In that Israeli settlement, admirers had erected a graveside monument to Baruch
Goldstein, the settler from Brooklyn who, in 1994, gunned down 29 Palestinians
in Hebron's Cave of the Patriarchs. From the settlement's creepy candlelit
shrine I cut north, and soon found myself on a quiet, smooth-as-glass "bypass"
road. The road, I would learn, was one of many under
construction by Israel, alongside new and expanding settlements, that would
allow settlers to travel easily from their West Bank islands to the "mainland"
of the Jewish state.
How strange, I thought naively, as I traveled that lonely road toward Jerusalem
on a gray winter afternoon: Isn't this part of the land that Palestinians would
need for their state? Why, then, in the middle of the Oslo peace process -
barely three years after the famous handshake between former Israeli prime
minister Yitzhak Rabin and the late Palestine Liberation Organization leader
Yasser Arafat on the White House lawn - would Israeli officials authorize
construction that was visibly cementing the settlers' presence into Palestinian
land?
These post-Oslo "facts on the ground" have 12 years later all but doomed the
traditional path to peace. The two-state solution, the central focus of efforts
to end the tragedy of Israel and Palestine since 1967, has been undermined by
the thickening reality of red-roofed Israeli settlements, military outposts,
surveillance towers, and the web of settlers-only roads that whisk Israelis
from their West Bank dwellings to prayer in Jerusalem's Old City, or to
shopping and the beach in Tel Aviv. So dense has the Israeli West Bank presence
become by 2009, so fragmented is Palestinian life - both physically and
politically - that it now requires death-defying mental gymnastics to imagine
how a two-state solution could ever be implemented.

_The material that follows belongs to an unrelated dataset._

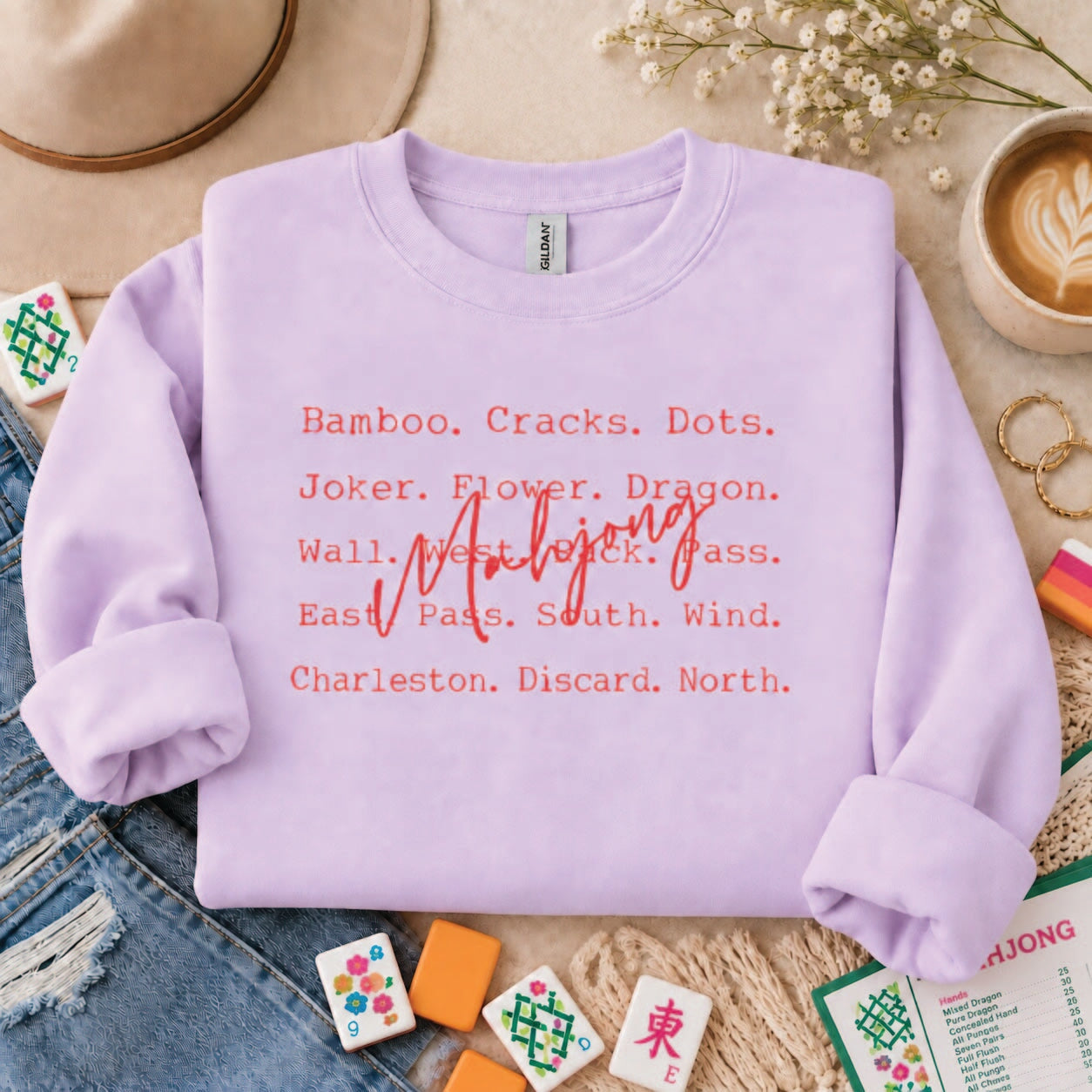 Mahjong Words Sweatshirt Halloween sweatshirt Tultex fleece 340 Cantaloupe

Five questions for an Israeli-Palestinian future
Former Senate majority leader George Mitchell, President Barack Obama's
respected, fair-minded Middle East envoy, will bring his considerable skills to
bear on this ever-more daunting problem. It is Mitchell's widely acknowledged
fairness that has prompted jaw-dropping comments from some hardline pro-Israeli
lobbyists and Christian Zionists who became accustomed, under the George W Bush
administration, to getting whatever they wanted. This in itself is a signal
that Obama's approach to the region may represent a genuine break from the
past.
To an honest witness like Mitchell, for whom the facts and the aspirations of
both peoples seem to actually matter, it may become quickly evident that the
traditional two-state solution is now on life support. Seeing that, he would do
well to keep an open mind and be prepared to ask some hard questions. Among
them might be:
1. What does the unending march of Israeli construction actually mean for a
"viable, contiguous" Palestine?
The only way anyone can viscerally understand the thousand cuts inflicted on
the two-state solution is by driving through the West Bank. I've crisscrossed
this landscape a hundred times since 1994, and never has the hardware of
settlements and Israeli military control been so dense. Since the beginning of
the Oslo "peace process" in 1993, the West Bank Jewish settler population has
jumped from 109,000 to 275,000 - and this doesn't include the Jewish "suburbs"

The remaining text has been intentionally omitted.